Yup you are right, since this is an implementation detail rather then
the actual spec. Will move these somewhere else for v2.

> > +static void ieee80211_beacon_add_tim_pvb(struct ps_data *ps,
> > +					 struct sk_buff *skb, u8 aid0, u8 *tim)
> 
> Maybe use 'struct element' for the tim pointer? that way tim[1] = ...
> becomes tim->datalen = ... which seems easier to understand.
> 
> I know the code didn't use that (it predates the existence of 'struct
> element') but it could also originally put the WLAN_EID_TIM that way,
> for example.
> 
> And maybe aid0 could be 'bool mcast_traffic' or 'bool aid0_traffic' (if
> mcast is too specific, not sure what might get encoded there now/s1g.)
> 
> (mostly I'm thinking it should be bool, 'bool aid0' is also fine)

Yup I guess If im shuffling this code around I should clean up the
normal TIM function, since it definitely looks like it was written a
long time ago :)

> > +static void ieee80211_s1g_beacon_add_tim_pvb(struct ps_data *ps,
> > +					     struct sk_buff *skb, u8 aid0,
> > +					     u8 *tim)
> [...]
> > +	/* Emit an encoded block for each non-zero sub-block */
> > +	for (blk = 0; blk < IEEE80211_MAX_S1G_TIM_BLOCKS; blk++) {
> 
> So this only makes sense if you actually limit the AIDs to 1600... Maybe
> then that's what you want to do :)
> 
> Otherwise even if you have no traffic for AIDs 1..1000 you would still
> never indicate the traffic for AIDs >=1600 (or so.)
> 
> If you don't want to limit to 1600 then I think encoding wise we're
> limit to 2048 (but in practice to 2008 with the AID limit in nl80211),
> but this code would then probably attempt to access 2048 so we need to
> ensure the ps->tim bitmap is actually slightly larger. Not that I really
> see an issue with that. Or add a check for the actual idx below, similar
> to the one you have there, but with a subblock index of 2008/8 == 251
> instead.

As mentioned in other email, I'll stick with the 1600 limit as an
"Implementation detail" for now. 

> > +		u8 blk_bmap = 0;
> > +		int sblk, subcnt = 0;
> > +
> > +		for (sblk = 0; sblk < 8; sblk++) {
> > +			int idx = blk * 8 + sblk;
> > +
> > +			if (idx >= IEEE80211_MAX_AID_S1G_NO_PS)
> > +				break;
> 
> I think you'll want to remove this condition. If you _do_ limit the AIDs
> anyway it's not needed, and if you _don't_ limit the AIDs then it should
> be replaced by some "does it fit" condition, and/or checking for the
> 2008 value.

Ah yep its redundant due to the outer loop.
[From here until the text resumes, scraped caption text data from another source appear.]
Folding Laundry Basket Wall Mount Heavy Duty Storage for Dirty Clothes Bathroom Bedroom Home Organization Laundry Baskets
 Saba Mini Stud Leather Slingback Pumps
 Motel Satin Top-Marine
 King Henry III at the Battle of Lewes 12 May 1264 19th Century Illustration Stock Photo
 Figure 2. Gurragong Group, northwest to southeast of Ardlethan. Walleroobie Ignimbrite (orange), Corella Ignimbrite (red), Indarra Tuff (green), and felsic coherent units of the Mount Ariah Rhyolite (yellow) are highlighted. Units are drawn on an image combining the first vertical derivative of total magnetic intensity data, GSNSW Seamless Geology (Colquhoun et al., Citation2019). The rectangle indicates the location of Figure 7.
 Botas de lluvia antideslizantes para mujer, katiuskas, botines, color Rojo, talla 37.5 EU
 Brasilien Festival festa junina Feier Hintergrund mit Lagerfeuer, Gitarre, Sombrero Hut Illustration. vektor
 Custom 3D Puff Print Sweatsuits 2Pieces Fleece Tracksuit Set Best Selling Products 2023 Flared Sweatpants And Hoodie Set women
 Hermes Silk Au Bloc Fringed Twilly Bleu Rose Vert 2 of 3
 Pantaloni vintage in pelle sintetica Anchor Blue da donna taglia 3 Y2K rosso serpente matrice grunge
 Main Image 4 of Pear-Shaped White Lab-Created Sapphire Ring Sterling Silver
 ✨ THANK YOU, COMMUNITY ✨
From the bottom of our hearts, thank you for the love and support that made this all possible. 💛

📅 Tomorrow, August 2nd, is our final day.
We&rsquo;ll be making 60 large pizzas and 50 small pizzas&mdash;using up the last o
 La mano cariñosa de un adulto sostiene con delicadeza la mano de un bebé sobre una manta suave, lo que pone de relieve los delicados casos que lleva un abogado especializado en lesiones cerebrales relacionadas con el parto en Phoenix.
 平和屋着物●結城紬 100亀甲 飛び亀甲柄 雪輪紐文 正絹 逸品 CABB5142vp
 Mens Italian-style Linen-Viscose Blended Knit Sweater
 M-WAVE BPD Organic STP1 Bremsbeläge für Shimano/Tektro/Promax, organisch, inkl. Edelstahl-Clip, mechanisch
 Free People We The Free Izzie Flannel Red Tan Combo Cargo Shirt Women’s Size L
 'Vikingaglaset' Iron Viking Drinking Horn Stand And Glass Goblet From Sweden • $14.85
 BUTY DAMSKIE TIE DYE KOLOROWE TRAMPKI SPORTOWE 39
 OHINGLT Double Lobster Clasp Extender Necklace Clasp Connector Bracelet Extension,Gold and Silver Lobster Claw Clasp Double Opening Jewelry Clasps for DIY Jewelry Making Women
Will fix.

> 
> > +			/*
> > +			 * If the current subblock is non-zero, increase the
> > +			 * number of subblocks to emit for the current block.
> > +			 */
> > +			if (ps->tim[idx]) {
> 
> Also ... this line and the idx>= cannot simultaneously be right ... Here
> it's basically a subblock index into the bitmap, whereas the >=MAX_AID
> means it would be an AID, i.e. they're different units by a factor of 8.
> 
> It actually looks like it's a subblock index, but then the AID condition
> makes no sense anyway.
> 
> Maybe rename the variable ;-)

Yep will tidy this up.

> > +				blk_bmap |= BIT(sblk);
> > +				subcnt++;
> 
> I'd be tempted to remove the subcnt variable and use hweight8(blk_bmap)
> in its place? I don't think it's _that_ much more expensive, and avoids
> having to maintain the same information twice, basically?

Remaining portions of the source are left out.